A little over a year ago, the film fest was rocked by the resignation of executive director Craig Prater and board chairman Fred Linch just eight weeks before it unspooled. And this year, fallout from the Sept. 11 attacks on the U.S. cut into sponsorship dollars.
“But we’ve overcome all that,” says Denis Pregnolato, who co-founded the fest with Sonny Bono in 1989 and was director for three years. Pregnolato returned to his old post last year to act as interim executive director and to help quell internal disorder.
The short-term job has extended for another year, during which Pregnolato says he’s tried to maintain the fest’s focus as a stellar international showcase while strengthening the staff and finances. “The staff is settled and there is a strong sense of direction,” he says. “We’re also controlling things like cost, and finding ways to raise revenue as well as more ways to put on a good festival.”
This year’s programming staff, headed by director of programming Jennifer Stark, includes Alissa Simon, Ian Birnie, Leonardo Garcia Tsao, David B. Kaminsky and Theresa Hayes, each of whom scouts particular international territories.
“The programming is becoming more direct, more streamlined,” explains Stark, who touts the fact that this year’s fest includes films from more than 40 countries, and 47 of the 51 films submitted for consideration in the best foreign language film category for the Academy Awards.
“When we started out 13 years ago the focus was to find the most accessible foreign films, because at the time people were wary of foreign films and subtitles,” explains Pregnolato, outlining the fest’s mandate.
“But we’ve educated the audience, and then as Miramax began to buy these films and bring them to audiences throughout the country, and as they began to win awards, the art house film has become more user-friendly.

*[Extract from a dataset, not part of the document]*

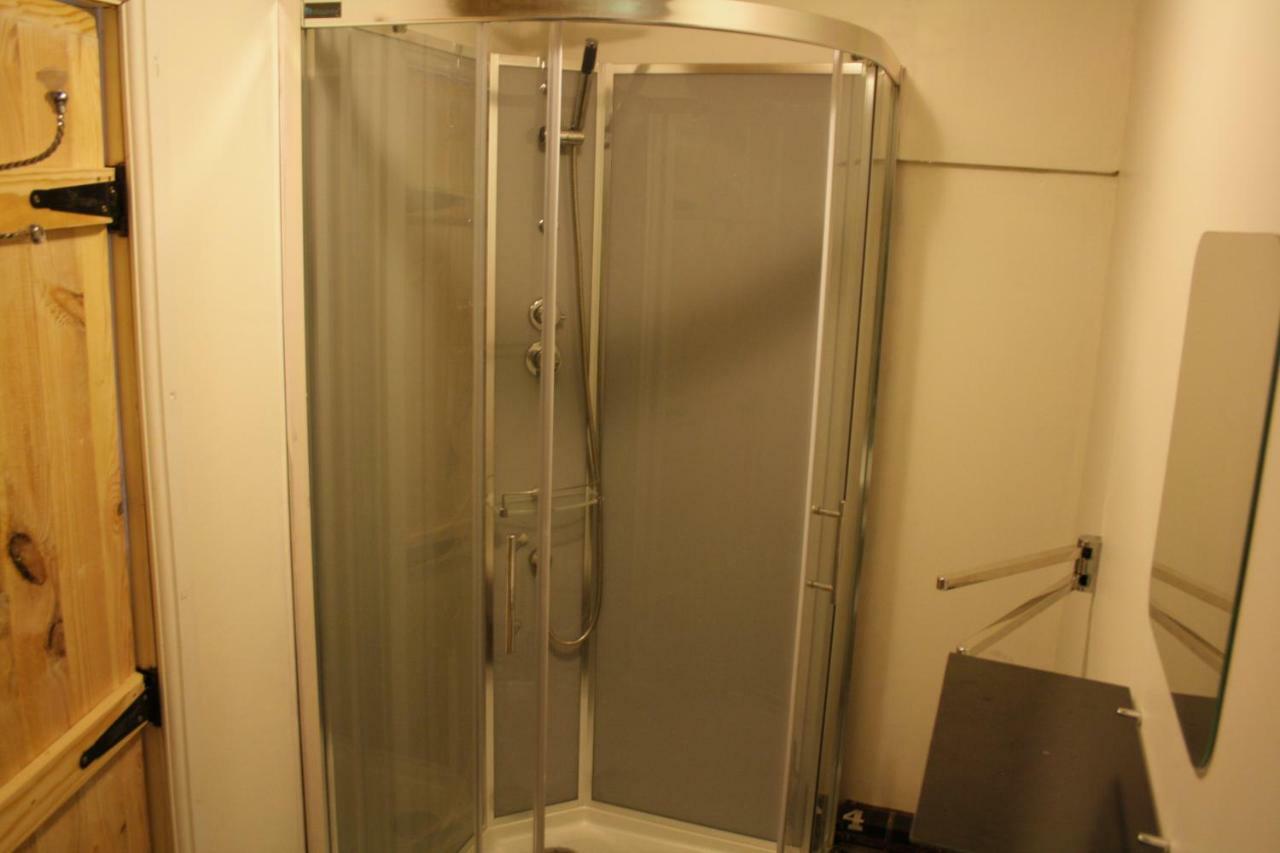 Chez Gondat Chambre D'Hotes Saint-Martial-sur-Isop Exteriör bild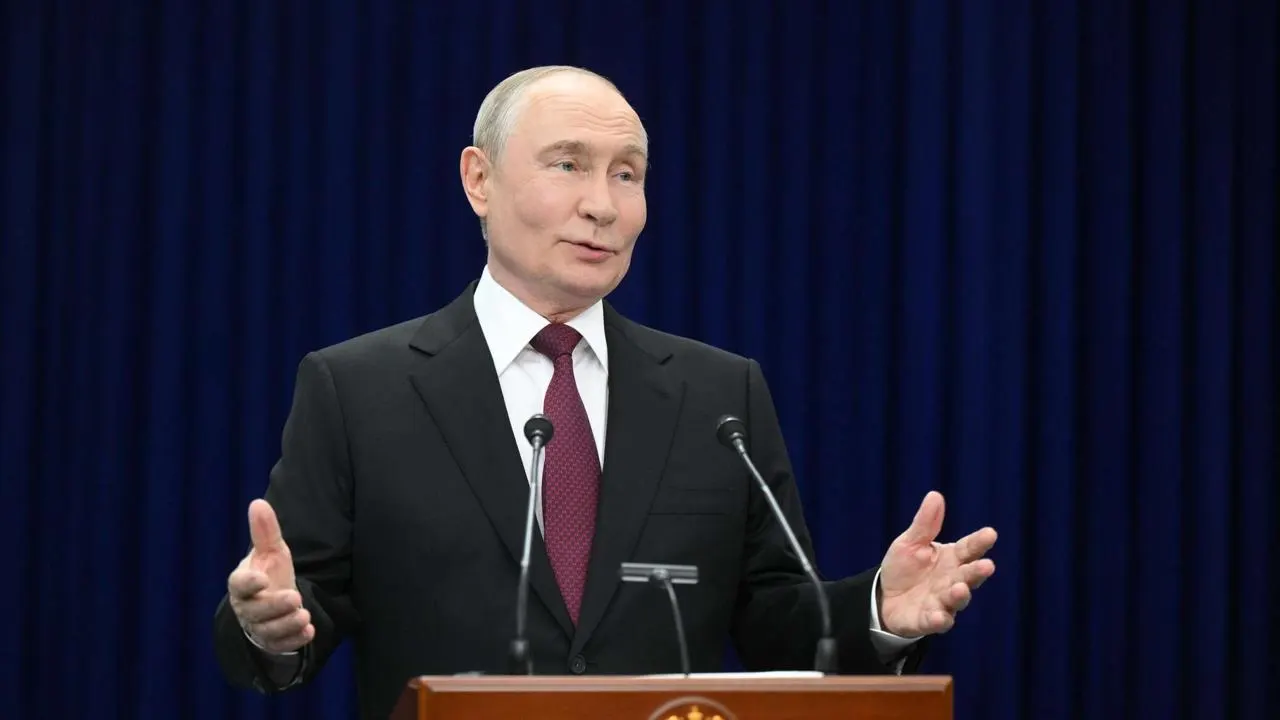 Путин ответил на вопросы журналистов о фронте, переговорах, применении беспилотников, мобилизации и внешних отношениях с Германией и Японией.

But overall, we show films that are about great cultural differences, about how people live their lives. It’s very interesting for audiences to see that, especially now.”
According to Stark, the fest’s mandate has become even more significant this year as a result of events in Afghanistan. “We wanted to create a festival that spoke to the issues that came about as a result of 9/11 without becoming melodramatic,” she explains. “We wanted to deal with social issues, but we also wanted films that aren’t all grim. We were trying to find a balance.”
Perhaps the best example of that balance is the festival’s opening night film, Mira Nair’s sprawling comedy “The Monsoon Wedding,” which captures the humor and heartache in a large Indian family as it prepares for a wedding. “It’s full of color, pageantry, laughter, dancing and music,” explains Stark, “but it’s also a poignant family story.”
While Nair’s film is a pleasing mix of comedy and pathos, Stark notes that the terrorist attacks have given Americans a new awareness of the world that I haven’t seen before, and this gave us an opportunity to go after films that we might not have been able to screen in the past.
“Usually people just want to be entertained, but now people are really interested. They want to know what the world is about.”
Stark says there are several films this year from the Middle East, including Moshen Makhmalbaf’s “Kandahar” and Majid Majidi’s “Baran,” boths of which are from Iran. “We also have films from Armenia, Kyrgyzstan, Bosnia, Croatia, Tanzania — a lot of small countries that haven’t been recognized before. And where these might have been only of selective interest, people have been catapulted into international interest.”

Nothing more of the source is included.